─── INFORMATION SUPPLIED

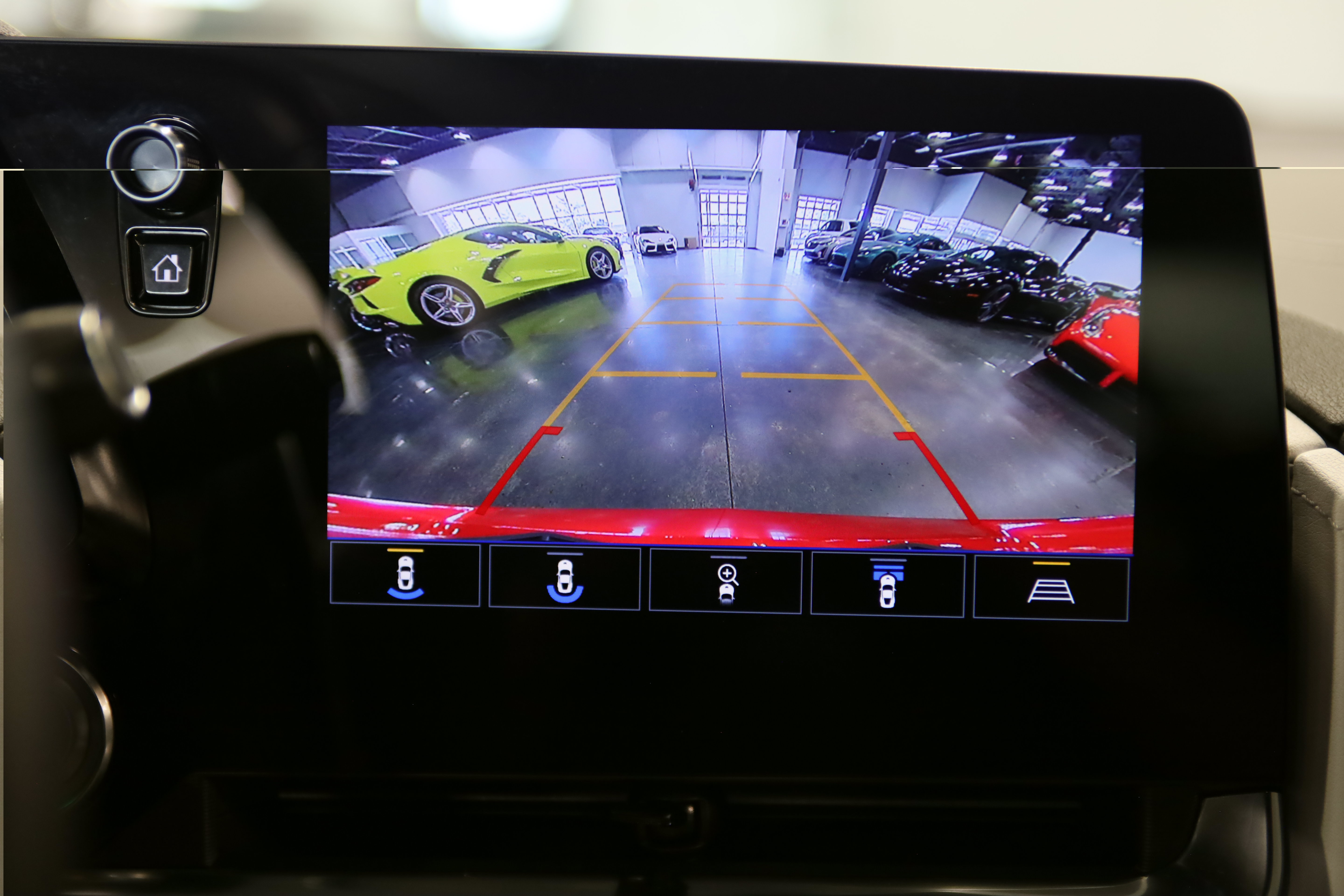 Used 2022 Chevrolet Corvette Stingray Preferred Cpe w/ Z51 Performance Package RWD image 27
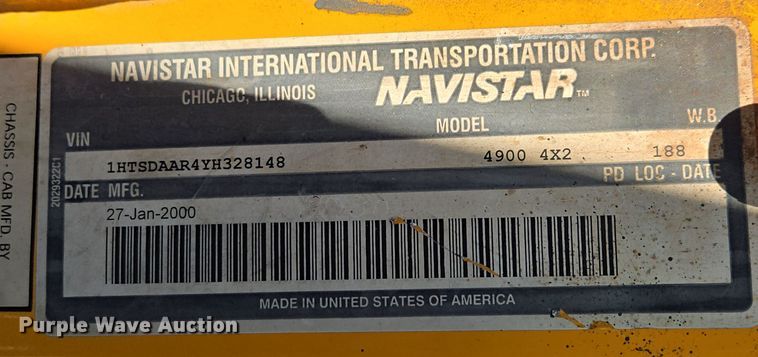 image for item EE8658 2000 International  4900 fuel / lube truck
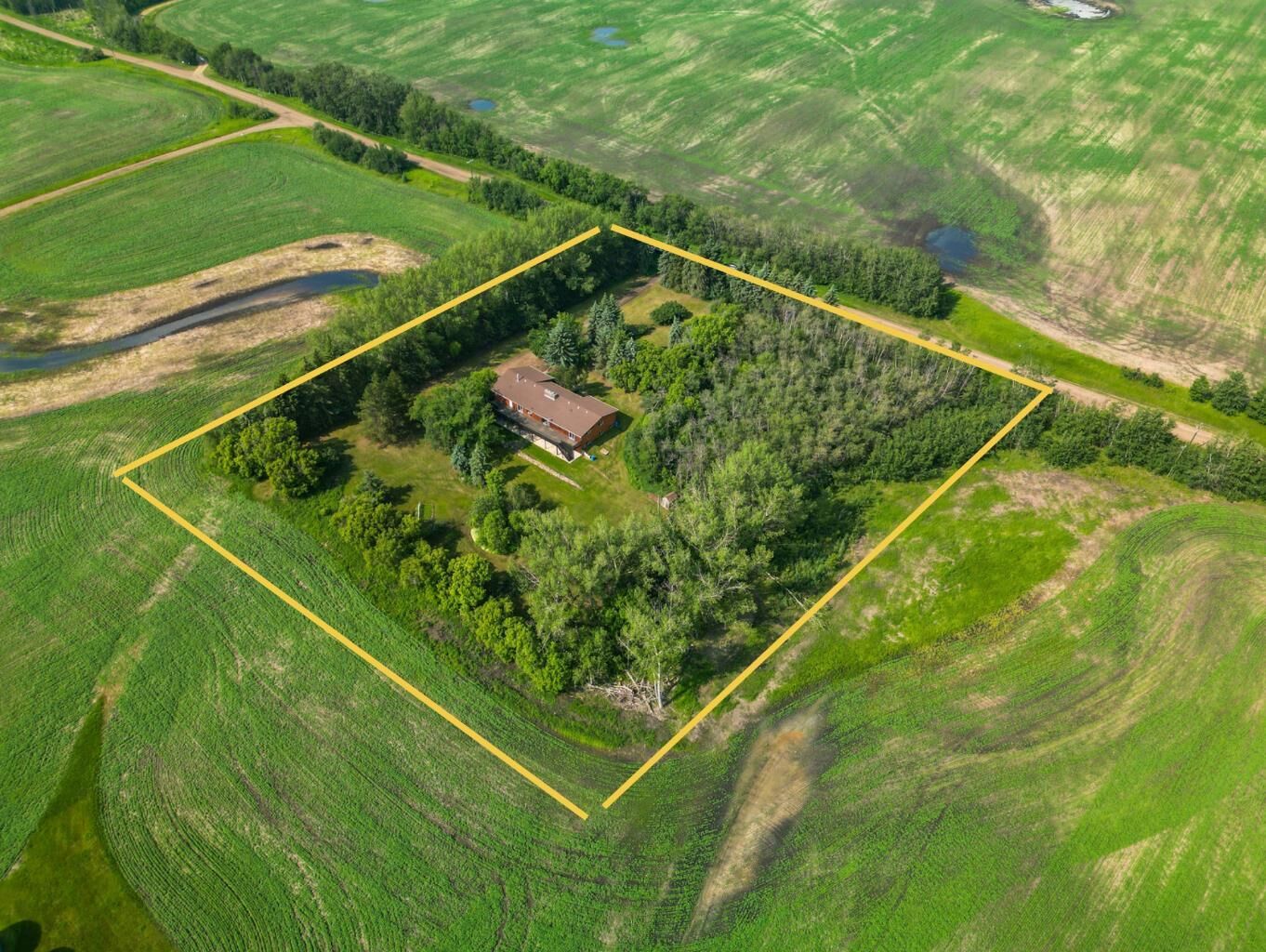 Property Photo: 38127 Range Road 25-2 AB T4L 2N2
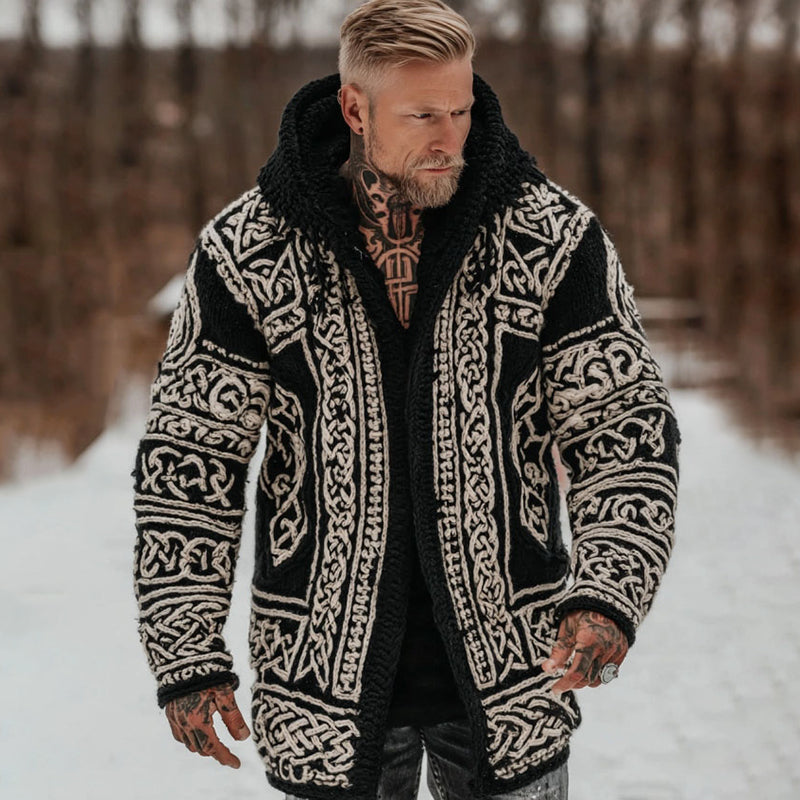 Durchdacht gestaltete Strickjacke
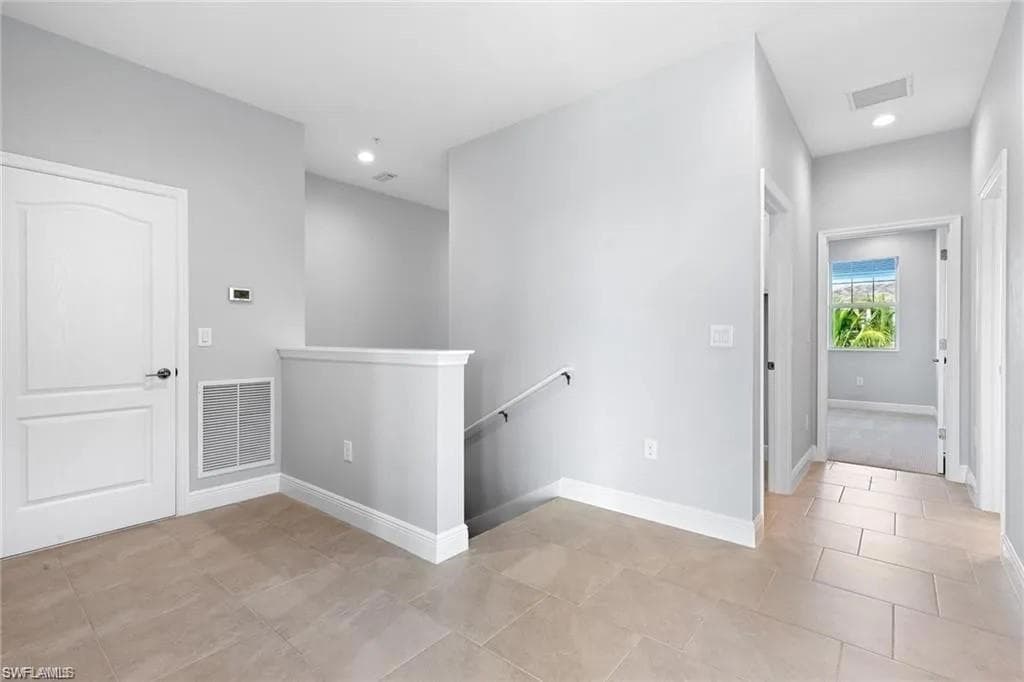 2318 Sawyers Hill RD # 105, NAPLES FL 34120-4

──────

• _REQUIRED ACTION_
Could the entries above be printed again exactly, apart from the pictures?

• _OUTPUT OF THE TASK_
 Used 2022 Chevrolet Corvette Stingray Preferred Cpe w/ Z51 Performance Package RWD image 27
 image for item EE8658 2000 International  4900 fuel / lube truck
 Property Photo: 38127 Range Road 25-2 AB T4L 2N2
 Durchdacht gestaltete Strickjacke
 2318 Sawyers Hill RD # 105, NAPLES FL 34120-4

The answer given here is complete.